Sequence-tagging using deep learning

Overview

Classification using Deep Learning

Requirements

  • PyTorch version >= 1.9.1+cu111
  • Python version >= 3.8.10
  • PyTorch-Lightning version >= 1.4.9
  • Huggingface Transformers version >= 4.11.3
  • Tensorboard version >= 2.6.0
  • Pandas >= 1.3.4
  • Scikit-learn: numpy>=1.14.6, scipy>=1.1.0, threadpoolctl>=2.0.0, joblib>=0.11

Installation

pip3 install transformers
pip3 install pytorch-lightning
pip3 install tensorboard
pip3 install pandas
pip3 install scikit-learn
git clone https://github.com/vineetk1/clss.git
cd clss

Note that the default directory is clss. Unless otherwise stated, all commands from the Command-Line-Interface must be delivered from the default directory.

Download the dataset

  1. Create a data directory.
mkdir data
  1. Download a dataset in the data directory.

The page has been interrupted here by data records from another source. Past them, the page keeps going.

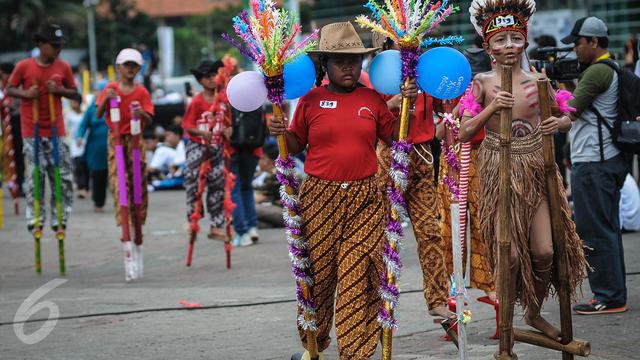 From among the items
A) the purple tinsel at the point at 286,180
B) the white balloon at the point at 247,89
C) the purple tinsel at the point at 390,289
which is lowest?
the purple tinsel at the point at 390,289

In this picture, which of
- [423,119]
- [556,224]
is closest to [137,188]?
[423,119]

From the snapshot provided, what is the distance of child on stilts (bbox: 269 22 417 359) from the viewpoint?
6480 millimetres

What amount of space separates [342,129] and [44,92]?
237 inches

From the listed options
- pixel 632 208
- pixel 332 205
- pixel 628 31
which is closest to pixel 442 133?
pixel 332 205

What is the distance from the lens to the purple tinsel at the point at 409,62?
6.40 meters

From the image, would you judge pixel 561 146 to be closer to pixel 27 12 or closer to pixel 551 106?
pixel 551 106

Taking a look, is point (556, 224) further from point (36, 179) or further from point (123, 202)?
point (36, 179)

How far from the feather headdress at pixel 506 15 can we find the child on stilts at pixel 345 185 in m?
0.60

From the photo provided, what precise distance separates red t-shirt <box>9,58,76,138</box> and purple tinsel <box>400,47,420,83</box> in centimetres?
601

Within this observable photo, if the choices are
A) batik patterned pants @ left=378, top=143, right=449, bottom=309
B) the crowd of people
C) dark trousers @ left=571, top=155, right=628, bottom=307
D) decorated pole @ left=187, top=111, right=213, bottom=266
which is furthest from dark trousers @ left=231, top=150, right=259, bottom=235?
dark trousers @ left=571, top=155, right=628, bottom=307

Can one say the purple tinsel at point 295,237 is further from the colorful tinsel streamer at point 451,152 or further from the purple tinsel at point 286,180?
the colorful tinsel streamer at point 451,152

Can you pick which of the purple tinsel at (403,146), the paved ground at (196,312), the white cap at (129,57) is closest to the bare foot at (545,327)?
the paved ground at (196,312)

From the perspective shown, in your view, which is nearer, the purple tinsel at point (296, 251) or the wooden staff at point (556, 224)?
the wooden staff at point (556, 224)

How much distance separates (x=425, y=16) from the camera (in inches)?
250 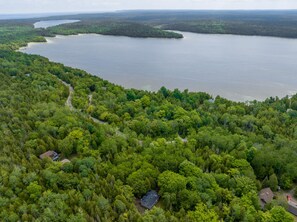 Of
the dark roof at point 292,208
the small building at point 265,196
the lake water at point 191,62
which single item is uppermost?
the lake water at point 191,62

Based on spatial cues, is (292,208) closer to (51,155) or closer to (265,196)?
(265,196)

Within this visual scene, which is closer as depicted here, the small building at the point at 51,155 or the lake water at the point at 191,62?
the small building at the point at 51,155

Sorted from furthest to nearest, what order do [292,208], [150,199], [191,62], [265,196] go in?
[191,62] → [265,196] → [150,199] → [292,208]

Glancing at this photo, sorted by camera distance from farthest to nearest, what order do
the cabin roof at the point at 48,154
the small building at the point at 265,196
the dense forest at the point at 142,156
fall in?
the cabin roof at the point at 48,154, the small building at the point at 265,196, the dense forest at the point at 142,156

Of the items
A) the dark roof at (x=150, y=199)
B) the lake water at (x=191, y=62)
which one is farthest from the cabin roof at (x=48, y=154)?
the lake water at (x=191, y=62)

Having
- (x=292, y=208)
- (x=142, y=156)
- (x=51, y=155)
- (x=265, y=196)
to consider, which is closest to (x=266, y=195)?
(x=265, y=196)

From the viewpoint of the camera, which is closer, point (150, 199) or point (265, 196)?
point (150, 199)

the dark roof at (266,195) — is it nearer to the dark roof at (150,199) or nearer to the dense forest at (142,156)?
the dense forest at (142,156) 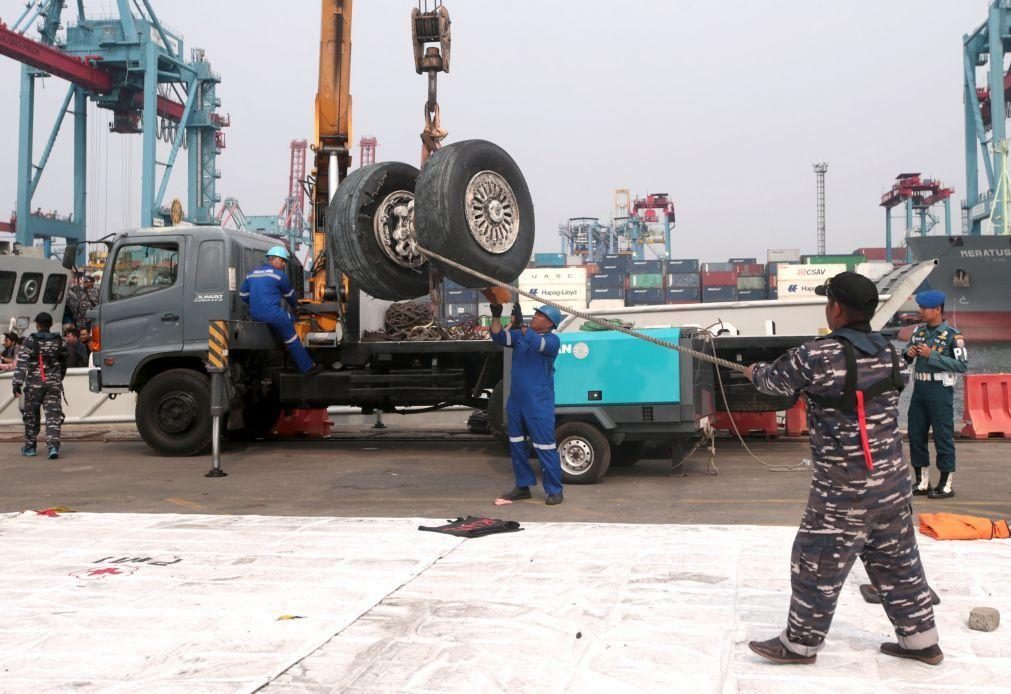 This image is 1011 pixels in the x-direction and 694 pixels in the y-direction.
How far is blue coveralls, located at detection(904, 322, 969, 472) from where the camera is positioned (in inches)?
296

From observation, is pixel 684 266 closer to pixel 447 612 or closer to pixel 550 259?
pixel 550 259

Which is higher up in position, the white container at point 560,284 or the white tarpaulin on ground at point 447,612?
the white container at point 560,284

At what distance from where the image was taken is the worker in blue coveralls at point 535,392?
7438mm

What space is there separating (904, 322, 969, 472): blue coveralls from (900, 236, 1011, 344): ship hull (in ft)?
136

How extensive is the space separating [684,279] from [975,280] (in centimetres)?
1980

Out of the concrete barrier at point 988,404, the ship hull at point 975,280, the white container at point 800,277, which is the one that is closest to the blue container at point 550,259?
the white container at point 800,277

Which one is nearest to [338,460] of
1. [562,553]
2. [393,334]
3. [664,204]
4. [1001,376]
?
[393,334]

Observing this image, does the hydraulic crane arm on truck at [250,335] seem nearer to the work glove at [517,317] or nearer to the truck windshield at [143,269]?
the truck windshield at [143,269]

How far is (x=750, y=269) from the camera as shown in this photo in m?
Result: 61.3

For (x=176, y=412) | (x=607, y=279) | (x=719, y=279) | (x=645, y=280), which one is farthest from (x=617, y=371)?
(x=607, y=279)

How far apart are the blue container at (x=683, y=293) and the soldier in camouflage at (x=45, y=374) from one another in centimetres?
5316

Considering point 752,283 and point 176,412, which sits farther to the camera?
point 752,283

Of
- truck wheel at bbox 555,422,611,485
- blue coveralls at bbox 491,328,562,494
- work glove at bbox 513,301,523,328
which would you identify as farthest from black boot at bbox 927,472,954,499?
work glove at bbox 513,301,523,328

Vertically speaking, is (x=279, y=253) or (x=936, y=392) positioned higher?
(x=279, y=253) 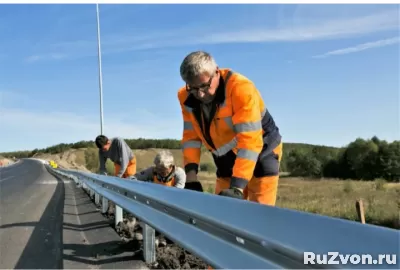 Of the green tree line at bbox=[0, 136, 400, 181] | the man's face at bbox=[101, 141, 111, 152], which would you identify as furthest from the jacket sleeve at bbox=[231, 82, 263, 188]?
the green tree line at bbox=[0, 136, 400, 181]

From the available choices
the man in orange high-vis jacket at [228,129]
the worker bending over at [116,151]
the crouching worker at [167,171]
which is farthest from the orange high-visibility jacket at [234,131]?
the worker bending over at [116,151]

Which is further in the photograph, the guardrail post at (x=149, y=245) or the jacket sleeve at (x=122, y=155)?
the jacket sleeve at (x=122, y=155)

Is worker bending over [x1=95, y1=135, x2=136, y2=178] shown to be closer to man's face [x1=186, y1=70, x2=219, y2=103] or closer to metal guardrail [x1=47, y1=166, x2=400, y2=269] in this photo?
metal guardrail [x1=47, y1=166, x2=400, y2=269]

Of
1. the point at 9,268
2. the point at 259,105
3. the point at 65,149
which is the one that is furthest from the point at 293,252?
the point at 65,149

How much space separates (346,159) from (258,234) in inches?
4128

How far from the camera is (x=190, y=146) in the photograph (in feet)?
15.6

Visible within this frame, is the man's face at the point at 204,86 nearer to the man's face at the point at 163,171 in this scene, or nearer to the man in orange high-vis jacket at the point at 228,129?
the man in orange high-vis jacket at the point at 228,129

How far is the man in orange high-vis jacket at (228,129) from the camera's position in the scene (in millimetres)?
3842

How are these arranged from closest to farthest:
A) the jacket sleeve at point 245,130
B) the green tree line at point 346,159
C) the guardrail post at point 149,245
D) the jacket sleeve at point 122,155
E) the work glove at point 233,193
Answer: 1. the work glove at point 233,193
2. the jacket sleeve at point 245,130
3. the guardrail post at point 149,245
4. the jacket sleeve at point 122,155
5. the green tree line at point 346,159

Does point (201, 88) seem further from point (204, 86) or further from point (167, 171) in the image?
point (167, 171)

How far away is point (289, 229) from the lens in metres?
2.17

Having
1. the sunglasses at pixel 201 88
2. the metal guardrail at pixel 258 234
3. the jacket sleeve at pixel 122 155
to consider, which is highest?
the sunglasses at pixel 201 88

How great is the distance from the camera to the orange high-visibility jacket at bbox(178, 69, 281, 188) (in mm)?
3859

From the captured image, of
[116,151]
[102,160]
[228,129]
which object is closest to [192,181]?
[228,129] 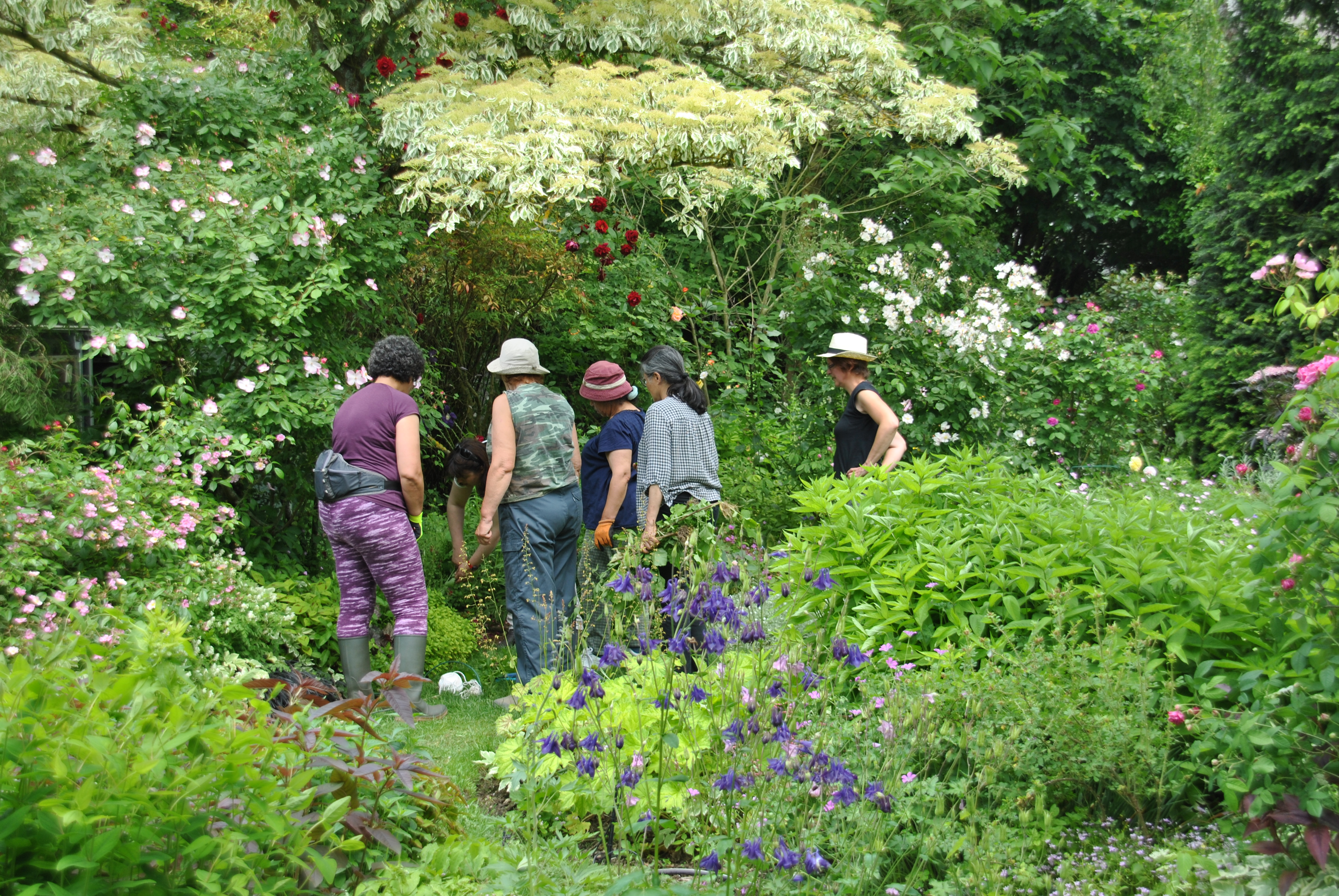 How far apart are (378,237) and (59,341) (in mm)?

Saving all informtion and results of an experiment

All information about the experiment is stored in a unique directory whose path starts with tensorboard_logs and ends with a unique version-number. Its contents consist of hparams.yaml, hyperperameters_used.yaml, test-results.txt, events.* files, and a checkpoints directory that has one or more checkpoint-files.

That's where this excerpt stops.